Maybe even parallel.
* Concurrency
- You write your programs as if they do blocking I/O (synchronous)
- Goroutines are extremely *lightweight* in comparison to threads
- It's routine to create thousands of goroutines in one program.
- Apllications use *all* cores
- Goroutines are cooperatively scheduled
- You get quick context switches and you take advantage of all the cores in your system.
- Switching between goroutines only occurs at well defined points
- Compiler knows the registers use and saves them automatically
* Go - Runtime
.image images/runtime.png
- scheduler
- netpoller
- garbage colletion
- among other things
* Go Scheduler
Here we see 2 threads (M), each holding a context (P), each running a goroutine (G). In order to run goroutines, a thread must hold a context.
.image images/in-motion.jpg
*M*: Machine (OS Thread) *G*: Goroutine *P*: Processor (context) = GOMAXPROCS = #cores
* Go Scheduler: syscall
.image images/syscall.jpg
Since a thread cannot both be executing code and be blocked on a syscall, we need to hand off the context so it can keep scheduling.
* Go Scheduler: Stealing work
.image images/steal.jpg
This can happen if the amount of work on the contexts' runqueues is unbalanced.
* The Go netpoller
- Runs in it own thread and polls the OS's asynchronous I/O network for data
- Goroutines asking for network I/O block waiting for the netpoller to give data, not for a system event
- Go treats Unix sockets and network connection file descriptors the same, so Unix socket I/O will not block OS thread
- netpoller uses event-driver architecture to handle I/O network
#In Go, all I/O is blocking. The Go ecosystem is built around the idea that you write against a blocking interface and then handle concurrency through goroutines and channels rather than callbacks and futures.
#I covered how the Go scheduler handles syscalls. To handle a blocking syscall, we need a thread that can be blocked inside the operating system.
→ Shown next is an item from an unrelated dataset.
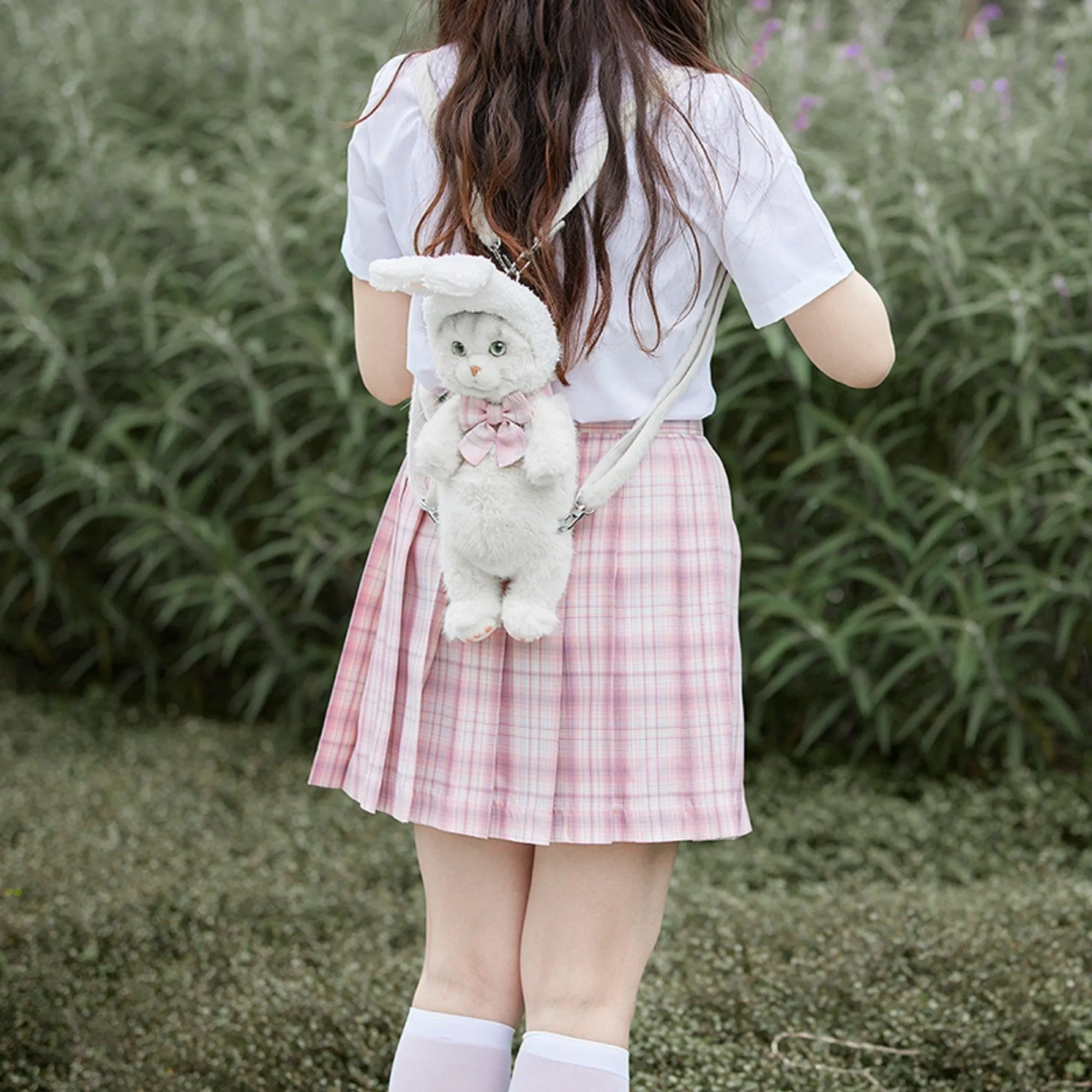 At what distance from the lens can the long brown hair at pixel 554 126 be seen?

If we were to build our blocking I/O on top of the OS' blocking I/O, we'd spawn a new thread for every client stuck in a syscall. This becomes really expensive once you have 10,000 client threads, all stuck in a syscall waiting for their I/O operation to succeed.
#Go gets around this problem by using the asynchronous interfaces that the OS provides, but blocking the goroutines that are performing I/O.
#The part that converts asynchronous I/O into blocking I/O is called the netpoller. It sits in its own thread, receiving events from goroutines wishing to do network I/O. The netpoller uses whichever interface the OS provides to do polling of network sockets. On Linux, it uses epoll, on the BSDs and Darwin, it uses kqueue and on Windows it uses IoCompletionPort. These interfaces all have in common that they provide user space a way to efficiently poll for the status of network I/O.
.image images/netpoller.jpg
* Goroutines scheduling points
- Channel sending and receiving
- Go statement
- Blocking syscall or I/O network operations
- Garbage collection
.image images/goroutine-schedule-points.jpg
* Conclusion
Concurrency is powerful.
Concurrency is not parallelism.
Concurrency enables parallelism.
Concurrency makes parallelism (and scaling and everything else) easy.